Moses Thompson, 6, has an inoperable intestinal tumor. His family has accumulated $60,000 in medical bills.


Owners of dozens of classic and tricked-out cars will converge on a sub sandwich shop parking lot to show off their rides and raise money for a family in need.

More than 120 vehicles from around the state will be on display at the third annual Car Show for Cancer, a fundraiser for the family of 6-year-old Marana boy Moses Thompson, who has an inoperable tumor in his intestinal lining.

The tumor causes complications throughout his body, making it difficult it for him to eat without pain and causing fluid to build up in his legs and feet, sometimes causing lesions. Moses has been to the emergency room 10 times this year, and his family is negotiating with their insurance company over $60,000 in bills.

And these are good times for Moses, said his mother, 26-year-old Tabitha Thompson. Two years ago, when Moses first started showing symptoms, doctors said he had less than a year to live and recommended hospice care. Moses had stopped eating and refused to get out of bed.

"They had given us a pretty grim prognosis," Tabitha said.

After doctors adjusted his morphine treatments to allow him to eat without pain, Moses became more active. He's put on 8 pounds since then to get to his current weight of 48, and remains spirited even when ailing.

"He's doing good right now," Tabitha said. "He's come a long way. He still has the illness, and it has spread before, but he's stable now."

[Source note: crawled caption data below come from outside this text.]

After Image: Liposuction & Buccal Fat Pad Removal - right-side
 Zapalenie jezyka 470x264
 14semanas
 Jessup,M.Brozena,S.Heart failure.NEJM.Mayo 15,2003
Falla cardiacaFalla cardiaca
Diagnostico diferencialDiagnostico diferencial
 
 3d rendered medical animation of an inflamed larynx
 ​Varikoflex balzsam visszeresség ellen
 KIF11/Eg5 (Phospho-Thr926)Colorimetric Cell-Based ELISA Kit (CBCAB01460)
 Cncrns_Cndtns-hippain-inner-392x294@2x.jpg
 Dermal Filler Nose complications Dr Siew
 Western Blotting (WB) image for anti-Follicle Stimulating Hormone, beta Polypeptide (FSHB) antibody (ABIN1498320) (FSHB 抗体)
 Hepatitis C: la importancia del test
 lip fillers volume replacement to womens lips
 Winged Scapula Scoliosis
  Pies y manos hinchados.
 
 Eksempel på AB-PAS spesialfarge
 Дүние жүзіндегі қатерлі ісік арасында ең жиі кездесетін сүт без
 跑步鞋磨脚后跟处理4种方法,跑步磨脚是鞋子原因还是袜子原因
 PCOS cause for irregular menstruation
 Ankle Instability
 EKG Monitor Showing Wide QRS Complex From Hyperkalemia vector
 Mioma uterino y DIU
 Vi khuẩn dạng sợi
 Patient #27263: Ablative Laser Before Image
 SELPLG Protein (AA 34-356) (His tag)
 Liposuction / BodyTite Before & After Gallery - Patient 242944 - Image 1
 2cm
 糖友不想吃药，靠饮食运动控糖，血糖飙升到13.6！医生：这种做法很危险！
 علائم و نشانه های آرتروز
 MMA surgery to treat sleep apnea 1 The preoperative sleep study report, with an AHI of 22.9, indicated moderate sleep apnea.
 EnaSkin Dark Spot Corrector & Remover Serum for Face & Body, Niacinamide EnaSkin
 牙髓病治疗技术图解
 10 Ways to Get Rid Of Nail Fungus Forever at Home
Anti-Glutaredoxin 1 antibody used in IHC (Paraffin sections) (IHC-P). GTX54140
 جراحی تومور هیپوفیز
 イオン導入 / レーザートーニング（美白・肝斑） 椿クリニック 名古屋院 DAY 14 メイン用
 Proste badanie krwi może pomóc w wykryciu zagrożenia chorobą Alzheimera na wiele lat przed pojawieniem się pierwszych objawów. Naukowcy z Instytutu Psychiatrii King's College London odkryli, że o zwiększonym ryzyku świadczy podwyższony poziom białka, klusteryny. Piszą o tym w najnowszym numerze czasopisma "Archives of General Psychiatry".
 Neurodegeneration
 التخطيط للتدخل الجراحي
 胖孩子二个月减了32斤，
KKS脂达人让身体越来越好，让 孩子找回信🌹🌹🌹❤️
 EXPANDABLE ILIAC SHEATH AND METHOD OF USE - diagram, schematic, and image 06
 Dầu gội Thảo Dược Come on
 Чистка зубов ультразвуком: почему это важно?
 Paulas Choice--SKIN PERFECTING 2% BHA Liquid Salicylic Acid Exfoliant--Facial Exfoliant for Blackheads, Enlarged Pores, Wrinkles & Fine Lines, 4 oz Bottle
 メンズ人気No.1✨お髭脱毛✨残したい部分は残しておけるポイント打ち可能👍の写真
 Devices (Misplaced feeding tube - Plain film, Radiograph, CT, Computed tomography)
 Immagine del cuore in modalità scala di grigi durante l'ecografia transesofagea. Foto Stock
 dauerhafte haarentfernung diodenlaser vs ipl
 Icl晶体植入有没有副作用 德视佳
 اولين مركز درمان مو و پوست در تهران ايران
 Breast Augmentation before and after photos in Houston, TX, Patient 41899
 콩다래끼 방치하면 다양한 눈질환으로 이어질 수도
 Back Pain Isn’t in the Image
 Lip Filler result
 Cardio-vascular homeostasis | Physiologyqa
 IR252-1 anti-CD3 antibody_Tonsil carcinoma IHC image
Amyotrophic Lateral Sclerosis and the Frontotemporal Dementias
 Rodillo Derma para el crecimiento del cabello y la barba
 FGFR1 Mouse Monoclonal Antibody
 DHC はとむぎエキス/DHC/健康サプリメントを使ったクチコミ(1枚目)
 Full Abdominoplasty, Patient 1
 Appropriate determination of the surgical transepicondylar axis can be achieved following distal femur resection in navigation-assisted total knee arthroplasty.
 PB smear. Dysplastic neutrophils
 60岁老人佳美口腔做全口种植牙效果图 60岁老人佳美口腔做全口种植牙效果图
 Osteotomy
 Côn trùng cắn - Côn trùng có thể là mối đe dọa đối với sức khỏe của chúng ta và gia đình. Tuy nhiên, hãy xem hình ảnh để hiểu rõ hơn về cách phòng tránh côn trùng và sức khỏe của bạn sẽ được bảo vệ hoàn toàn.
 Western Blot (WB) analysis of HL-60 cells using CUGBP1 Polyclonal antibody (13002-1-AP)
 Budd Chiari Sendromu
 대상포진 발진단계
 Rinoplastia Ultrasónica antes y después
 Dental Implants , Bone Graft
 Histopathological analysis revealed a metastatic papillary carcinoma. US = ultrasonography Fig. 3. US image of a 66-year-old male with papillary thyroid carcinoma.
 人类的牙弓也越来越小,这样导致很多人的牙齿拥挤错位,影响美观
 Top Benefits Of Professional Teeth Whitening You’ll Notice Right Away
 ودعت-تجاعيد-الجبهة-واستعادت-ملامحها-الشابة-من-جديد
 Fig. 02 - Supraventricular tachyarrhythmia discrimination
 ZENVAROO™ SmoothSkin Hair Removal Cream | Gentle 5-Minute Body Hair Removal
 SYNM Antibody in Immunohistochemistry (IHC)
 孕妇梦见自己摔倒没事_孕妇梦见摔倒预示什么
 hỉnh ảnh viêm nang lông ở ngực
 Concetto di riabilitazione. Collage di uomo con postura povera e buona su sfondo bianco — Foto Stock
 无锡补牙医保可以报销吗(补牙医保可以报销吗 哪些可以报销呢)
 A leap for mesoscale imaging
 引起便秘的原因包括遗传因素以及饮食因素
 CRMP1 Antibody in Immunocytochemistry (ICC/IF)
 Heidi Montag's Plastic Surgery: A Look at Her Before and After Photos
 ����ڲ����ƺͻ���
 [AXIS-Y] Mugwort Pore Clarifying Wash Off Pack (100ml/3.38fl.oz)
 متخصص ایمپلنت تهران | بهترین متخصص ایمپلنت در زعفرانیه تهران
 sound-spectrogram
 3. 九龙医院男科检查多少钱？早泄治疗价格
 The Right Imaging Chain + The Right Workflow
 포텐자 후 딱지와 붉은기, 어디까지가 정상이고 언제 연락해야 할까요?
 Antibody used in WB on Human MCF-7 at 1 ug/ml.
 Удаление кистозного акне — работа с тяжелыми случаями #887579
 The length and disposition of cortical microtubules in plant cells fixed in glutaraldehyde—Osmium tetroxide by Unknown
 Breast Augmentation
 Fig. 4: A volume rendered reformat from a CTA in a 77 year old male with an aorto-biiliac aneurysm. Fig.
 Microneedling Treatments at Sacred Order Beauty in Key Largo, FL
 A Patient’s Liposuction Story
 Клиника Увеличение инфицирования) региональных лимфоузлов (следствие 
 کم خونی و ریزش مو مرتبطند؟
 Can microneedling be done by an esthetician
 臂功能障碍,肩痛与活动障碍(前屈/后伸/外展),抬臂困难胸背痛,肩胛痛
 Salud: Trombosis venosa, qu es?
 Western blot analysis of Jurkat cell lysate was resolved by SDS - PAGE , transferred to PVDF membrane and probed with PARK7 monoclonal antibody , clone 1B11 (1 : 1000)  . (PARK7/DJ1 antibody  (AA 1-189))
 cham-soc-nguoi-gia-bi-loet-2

Tabitha and her husband, Lloyd Gilstrap, 37, have taken Moses to more than 20 doctors, none of whom have been able to provide a diagnosis. Tabitha said there is nothing to indicate the tumor is cancerous, although cancer has not been ruled out.

Tabitha stays at home with Moses and her other children, 7-year-old Meredy Thompson and 17-month old Eva Gilstrap. She's also pregnant and due in September. Lloyd works as an insurance sales executive.

She's grateful for the work of neighbor Elliott Crane, 30, the ringleader of a group of friends who operate the informal event. Crane chose the Thompson-Gilstrap family to benefit from this year's car show. He held the first two shows on the University of Arizona campus but moved to the parking lot of Firehouse Subs, 3844 W. River Road, due to cheaper overhead and more space. The show begins at 9 a.m. Sunday.

"We want to make the difference for someone," said Crane, a car enthusiast who works for an educational software company.

In past years, Crane said, the show has raised close to $1,000 - in 2011 for a family of a cancer-stricken child and last year for the nonprofit Relay For Life - and said all proceeds from the show will go to the Thompson-Gilstraps. The money will come from donations and raffles for donated auto products.

Dange Bertoldo, a 27-year-old Iraq veteran and Pima Community College student, is helping Crane run the show.

"It should be just a bunch of people who love cars who get together and want to talk cars," he said. "We're all there, too, of course, to help out Moses."

Tabitha said she's grateful for the fundraising help.

"I think it's really sweet of them," she said. "Of course, we're kind of embarrassed because there's always someone who could kind of use it more. We're shy about asking for help. It's such a blessing."

If you go

• What: Car Show for Cancer.

• When: 9 a.m. Sunday.

• Where: Firehouse Subs, 3844 W. River Road.

• Admission: Free, but donations are accepted.